I materiali autoriparanti sono già utilizzati in diversi settori, in particolare in campo militare, ma gli scienziati della Stanford University sono riusciti a realizzare un elettrodo in silicio ricoperto da un polimero che chiude automaticamente le microfratture generate in seguito ai cicli di carica e scarica delle batterie. L’invenzione apre le porte all’uso della tecnologia nei dispositivi mobile e nelle auto elettriche, nelle quali l’autonomia dipende dalla capacità di conservare l’energia immagazzinata per lunghe distanze.
In tutto il mondo i ricercatori sono al lavoro per cercare un materiale che permetta di conservare più energia negli elettrodi negativi delle batterie con l’obiettivo di migliorare le prestazioni e ridurre il peso. Uno dei candidati è il silicio, che consente di raggiungere capacità elevate, ma durante la carica tende a gonfiarsi fino a tre volte la dimensione normale. Ciò provoca la comparsa di microfratture che degradano le performance della batteria.
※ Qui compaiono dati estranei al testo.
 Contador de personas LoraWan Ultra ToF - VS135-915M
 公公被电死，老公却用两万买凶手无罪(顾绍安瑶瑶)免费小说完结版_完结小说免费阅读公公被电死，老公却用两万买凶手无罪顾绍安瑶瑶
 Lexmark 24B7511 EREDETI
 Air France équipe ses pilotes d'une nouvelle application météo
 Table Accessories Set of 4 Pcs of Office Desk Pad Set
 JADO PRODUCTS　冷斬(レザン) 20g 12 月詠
Gli scienziati di Stanford hanno deliberatamente indebolito i legami chimici dei polimeri, ottenendo un materiale più soggetto a rottura, ma le estremità delle fratture si attraggono velocemente le une alle altre, imitando il processo che consente alle molecole biologiche di autoripararsi. Come si può vedere nell’immagine in evidenza, esternamente il prototipo non è diverso dalle tradizionali batterie agli ioni di litio.
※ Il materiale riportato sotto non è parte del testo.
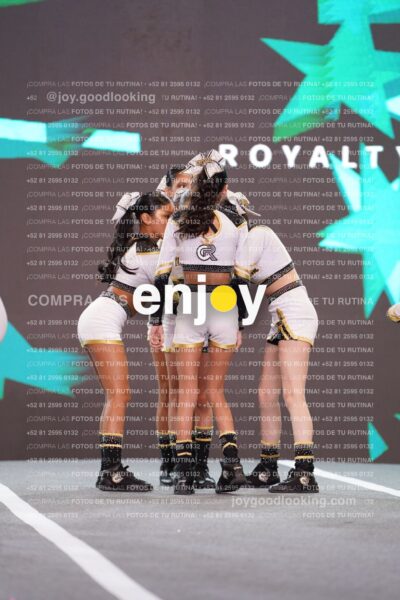 Joy Id2 002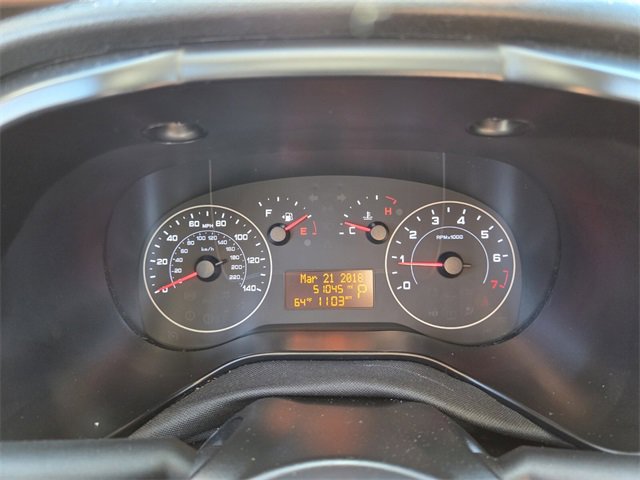 Used 2022 RAM ProMaster City Tradesman image 30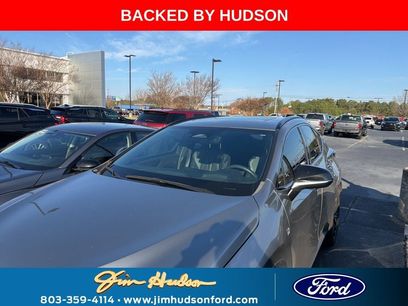 Used 2022 Lexus NX 350 F Sport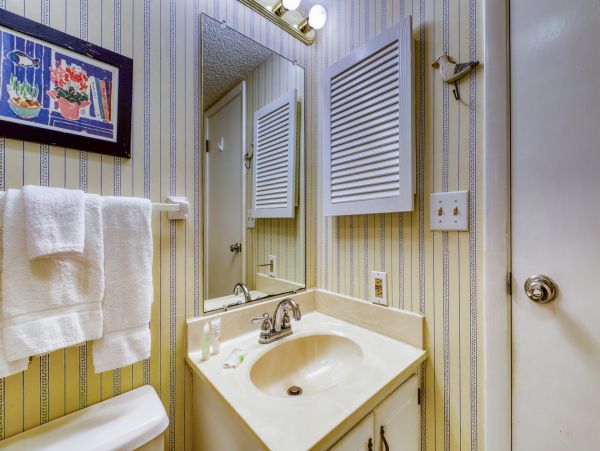 Alabama Beach Areas Home 1013947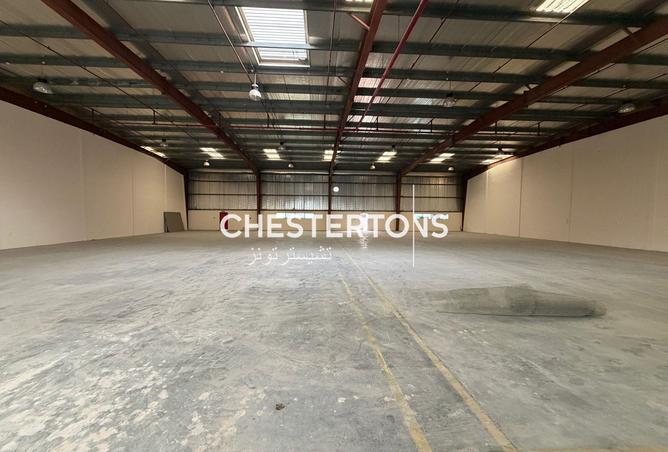 15999420 - صورة العقار 2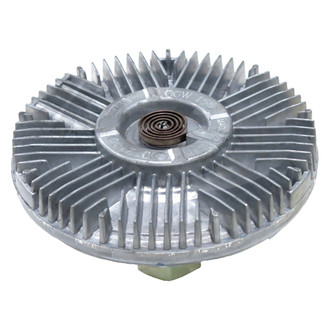 gpd® - Engine Cooling Fan Clutch
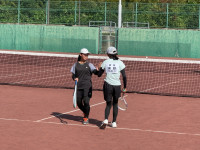 IMG_1827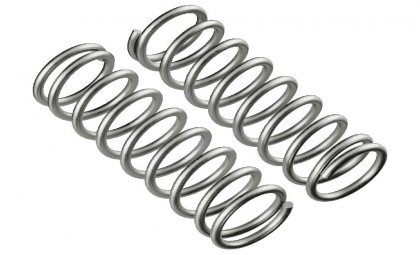 Baskı Yay İmalatı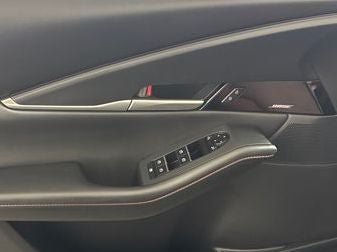 New 2026 MAZDA CX-30 AWD 2.5 S image 21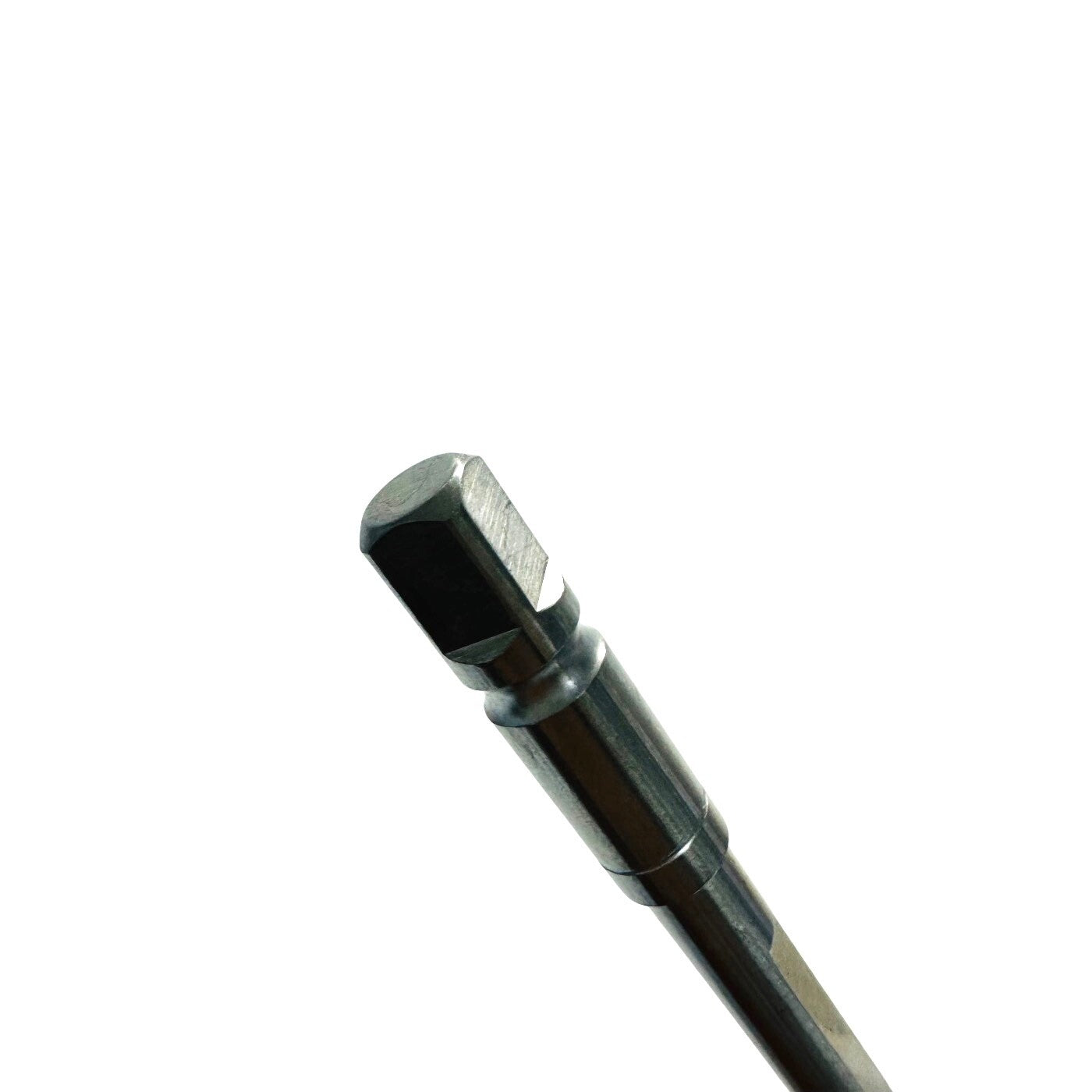 Medtronic 8114530 2.5MM HEX DRIVER Instrument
Utilizzando un anodo in silicio ricoperto dal polimero, la batteria può subire circa 100 cicli di carica-scarica prima di perdere le sue proprietà originali. In precedenza non si riusciva a superare i 10 cicli. Prima di portare sul mercato questo tipo di batterie bisognerà però aumentare i cicli fino a 500 per i dispositivi elettronici e fino a 3.000 per le auto elettriche. Sono in corso studi su altri materiali, ma attualmente i polimeri offrono le migliori prestazioni al costo più basso.